Additionally, the clearance obligation would be triggered if any of the above situations results from: (i) redemption of shares of a protected entity; (ii) a protected entity’s purchase of its own shares; or (iii) merger or spin-off of a protected entity.
However, in those cases the notification would have to be made by the protected entity itself after the relevant transactions are completed.
Acting in concert with other entities in the above transactions involving protected entities would also trigger a clearance obligation for all the parties concerned.
The proposed new clearance obligation will consist of an obligation to notify the President of the Office of Competition and Consumer Protection (“UOKiK”) of the planned transaction and the UOKiK’s right to object to the transaction within a specified deadline. The UOKiK would issue such objection if the transaction poses at least a potential threat to public order, public security or public health in Poland. The objection can be challenged in administrative court, but the court proceedings are usually lengthy and their duration goes well beyond typical transaction timelines.
As a rule, the notification would have to be made prior to the completion of the transaction (or announcement of the tender offer if the target is a listed company) and would have a suspensory effect. Agreements/tenders conditional upon the receipt of clearance will be allowed.
A transaction made without the required notification or in spite of an objection voiced by the UOKiK would be void. However, in case of an indirect acquisition under transactions not governed by Polish law (e.g., a merger of non-Polish entities resulting in a change of control over a protected entity) the transaction would be effective, but the acquirer could not exercise its corporate rights in protected Polish entities.

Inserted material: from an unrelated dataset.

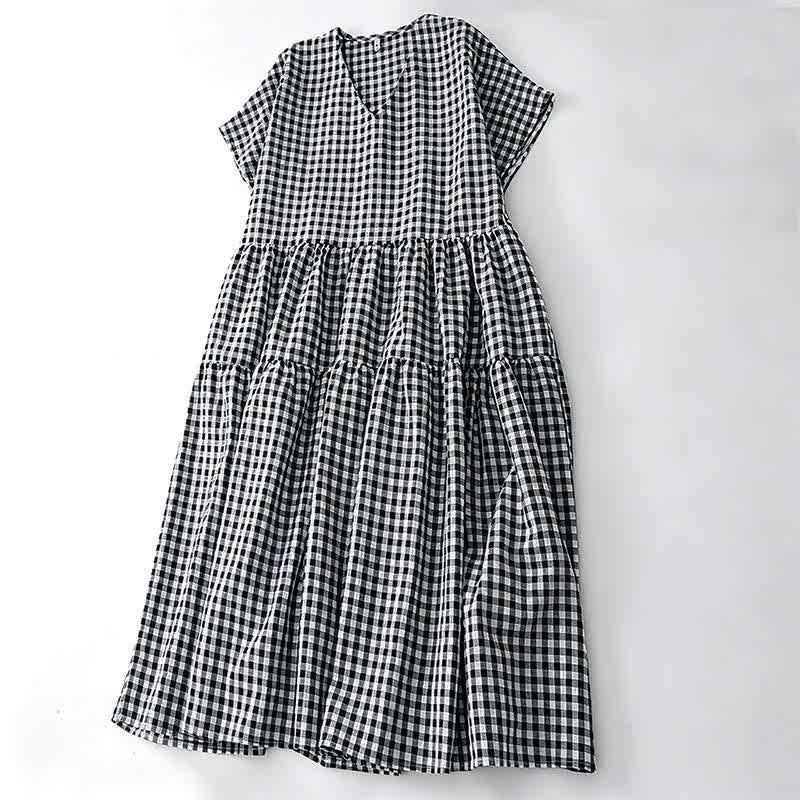 Nimara Ritual Summer Vintage Plaid V-Neck Women's Short Sleeve Dress With Pocket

The procedure before the UOKiK would take up to 30 business days, but it could be extended for further 120 calendar days if the UOKiK decides to initiate control proceedings. Deadlines would be suspended for periods when the UOKiK is waiting for requested information and documents.
Breach of the proposed new clearance obligation would constitute a criminal offense punishable by a fine of up to PLN 50 million and/or imprisonment for up to 5 years. Additionally, an entity required by law or by an agreement to manage the affairs of its subsidiary, which has not submitted the required notification, will also be subject to a fine of up to PLN 5 million and/or imprisonment for up to 5 years if such entity was aware of the acquisition being made by its subsidiary.